◆ Your assignment: Two lines in the data below mark the range: the one with "Hoegoa Rosemary Mint" and the one with "Fotos: Un belén". Return both, along with every line between them, exactly.

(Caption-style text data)
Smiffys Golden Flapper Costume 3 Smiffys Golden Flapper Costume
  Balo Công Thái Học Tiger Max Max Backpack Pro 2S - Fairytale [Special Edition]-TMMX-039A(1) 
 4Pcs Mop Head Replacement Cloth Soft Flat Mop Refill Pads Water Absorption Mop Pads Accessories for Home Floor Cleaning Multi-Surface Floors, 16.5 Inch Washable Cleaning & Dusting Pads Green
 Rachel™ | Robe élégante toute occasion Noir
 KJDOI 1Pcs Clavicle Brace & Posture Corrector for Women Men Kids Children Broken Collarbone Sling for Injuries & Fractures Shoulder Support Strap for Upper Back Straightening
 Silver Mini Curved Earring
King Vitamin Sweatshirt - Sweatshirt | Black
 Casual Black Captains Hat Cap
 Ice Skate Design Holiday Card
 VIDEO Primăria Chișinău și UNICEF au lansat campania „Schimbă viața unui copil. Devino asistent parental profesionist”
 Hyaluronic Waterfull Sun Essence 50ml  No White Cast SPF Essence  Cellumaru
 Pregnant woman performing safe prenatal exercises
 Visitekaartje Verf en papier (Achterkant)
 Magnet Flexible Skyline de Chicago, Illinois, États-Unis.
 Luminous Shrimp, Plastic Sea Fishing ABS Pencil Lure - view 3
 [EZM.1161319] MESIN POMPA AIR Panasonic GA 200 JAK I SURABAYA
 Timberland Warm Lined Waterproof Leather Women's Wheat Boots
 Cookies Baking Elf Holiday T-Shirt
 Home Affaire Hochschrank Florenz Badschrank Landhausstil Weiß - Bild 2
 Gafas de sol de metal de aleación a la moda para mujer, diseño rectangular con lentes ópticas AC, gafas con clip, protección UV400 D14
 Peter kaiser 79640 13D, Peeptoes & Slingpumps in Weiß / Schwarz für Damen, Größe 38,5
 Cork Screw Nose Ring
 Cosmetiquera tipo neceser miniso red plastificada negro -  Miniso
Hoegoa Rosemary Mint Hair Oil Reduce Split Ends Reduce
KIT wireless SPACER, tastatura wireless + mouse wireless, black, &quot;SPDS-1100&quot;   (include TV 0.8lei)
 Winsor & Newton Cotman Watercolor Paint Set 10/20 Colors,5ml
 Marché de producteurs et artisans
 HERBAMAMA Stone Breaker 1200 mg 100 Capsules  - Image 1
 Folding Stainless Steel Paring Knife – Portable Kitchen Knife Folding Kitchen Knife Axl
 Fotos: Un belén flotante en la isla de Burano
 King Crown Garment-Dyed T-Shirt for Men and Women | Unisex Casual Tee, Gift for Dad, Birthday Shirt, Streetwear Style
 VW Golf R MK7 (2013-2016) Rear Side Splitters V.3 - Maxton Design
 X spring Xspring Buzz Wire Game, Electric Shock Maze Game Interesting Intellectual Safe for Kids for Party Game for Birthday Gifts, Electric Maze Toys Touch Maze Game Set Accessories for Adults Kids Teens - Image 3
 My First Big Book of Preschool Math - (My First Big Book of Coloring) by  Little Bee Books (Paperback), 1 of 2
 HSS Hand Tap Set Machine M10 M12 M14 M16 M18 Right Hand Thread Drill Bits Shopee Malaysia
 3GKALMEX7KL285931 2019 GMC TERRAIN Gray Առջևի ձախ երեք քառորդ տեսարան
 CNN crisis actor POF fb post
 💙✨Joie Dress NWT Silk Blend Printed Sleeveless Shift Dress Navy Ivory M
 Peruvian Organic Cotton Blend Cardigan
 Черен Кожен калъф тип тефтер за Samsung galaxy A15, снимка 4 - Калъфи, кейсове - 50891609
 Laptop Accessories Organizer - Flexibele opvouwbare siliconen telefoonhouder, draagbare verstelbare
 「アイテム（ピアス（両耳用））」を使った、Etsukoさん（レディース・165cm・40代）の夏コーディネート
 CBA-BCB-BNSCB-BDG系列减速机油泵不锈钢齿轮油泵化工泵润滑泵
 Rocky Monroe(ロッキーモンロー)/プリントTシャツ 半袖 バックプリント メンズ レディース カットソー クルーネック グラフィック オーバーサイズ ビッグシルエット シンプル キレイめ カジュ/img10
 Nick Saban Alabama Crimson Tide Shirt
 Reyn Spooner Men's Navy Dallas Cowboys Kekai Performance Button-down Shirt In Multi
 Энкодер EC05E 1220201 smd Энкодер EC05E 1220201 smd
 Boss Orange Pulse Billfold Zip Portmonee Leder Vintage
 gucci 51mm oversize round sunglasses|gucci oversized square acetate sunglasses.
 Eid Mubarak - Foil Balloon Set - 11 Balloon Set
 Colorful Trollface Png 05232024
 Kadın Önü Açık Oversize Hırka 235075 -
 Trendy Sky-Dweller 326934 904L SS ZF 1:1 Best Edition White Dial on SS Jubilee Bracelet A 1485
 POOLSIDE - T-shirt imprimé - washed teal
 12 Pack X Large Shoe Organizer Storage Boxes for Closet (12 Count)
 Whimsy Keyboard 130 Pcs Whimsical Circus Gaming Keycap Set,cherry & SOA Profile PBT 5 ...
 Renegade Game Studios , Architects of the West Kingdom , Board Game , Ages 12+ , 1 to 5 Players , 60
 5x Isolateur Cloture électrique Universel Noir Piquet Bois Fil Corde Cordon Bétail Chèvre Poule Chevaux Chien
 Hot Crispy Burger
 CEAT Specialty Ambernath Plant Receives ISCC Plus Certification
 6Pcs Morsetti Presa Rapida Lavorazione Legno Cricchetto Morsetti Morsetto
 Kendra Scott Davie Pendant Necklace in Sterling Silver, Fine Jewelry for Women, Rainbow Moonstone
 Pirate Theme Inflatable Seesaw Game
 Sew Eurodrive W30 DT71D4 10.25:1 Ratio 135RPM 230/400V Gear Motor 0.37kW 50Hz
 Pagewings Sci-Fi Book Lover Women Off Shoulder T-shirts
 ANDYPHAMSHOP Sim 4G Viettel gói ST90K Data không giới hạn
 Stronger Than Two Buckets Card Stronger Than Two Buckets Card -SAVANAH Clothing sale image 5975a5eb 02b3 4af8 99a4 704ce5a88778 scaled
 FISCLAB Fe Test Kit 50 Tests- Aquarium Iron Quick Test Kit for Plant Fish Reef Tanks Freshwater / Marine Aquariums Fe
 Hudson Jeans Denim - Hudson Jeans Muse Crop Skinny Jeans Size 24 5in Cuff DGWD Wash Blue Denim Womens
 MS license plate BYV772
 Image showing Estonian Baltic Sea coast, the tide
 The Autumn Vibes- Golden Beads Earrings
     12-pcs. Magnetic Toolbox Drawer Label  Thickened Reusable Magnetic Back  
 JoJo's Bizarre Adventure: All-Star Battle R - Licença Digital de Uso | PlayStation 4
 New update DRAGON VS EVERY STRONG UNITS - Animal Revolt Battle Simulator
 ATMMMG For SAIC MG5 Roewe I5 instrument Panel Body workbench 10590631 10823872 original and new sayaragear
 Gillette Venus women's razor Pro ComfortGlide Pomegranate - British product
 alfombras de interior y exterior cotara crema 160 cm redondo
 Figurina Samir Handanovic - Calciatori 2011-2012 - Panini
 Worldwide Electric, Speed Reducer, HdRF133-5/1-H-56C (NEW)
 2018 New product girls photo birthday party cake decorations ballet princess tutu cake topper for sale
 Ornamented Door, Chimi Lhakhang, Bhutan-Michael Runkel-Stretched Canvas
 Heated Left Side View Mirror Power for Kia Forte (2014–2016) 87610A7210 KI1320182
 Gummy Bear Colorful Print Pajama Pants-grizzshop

◆ Your solution:
Hoegoa Rosemary Mint Hair Oil Reduce Split Ends Reduce
KIT wireless SPACER, tastatura wireless + mouse wireless, black, &quot;SPDS-1100&quot;   (include TV 0.8lei)
 Winsor & Newton Cotman Watercolor Paint Set 10/20 Colors,5ml
 Marché de producteurs et artisans
 HERBAMAMA Stone Breaker 1200 mg 100 Capsules  - Image 1
 Folding Stainless Steel Paring Knife – Portable Kitchen Knife Folding Kitchen Knife Axl
 Fotos: Un belén flotante en la isla de Burano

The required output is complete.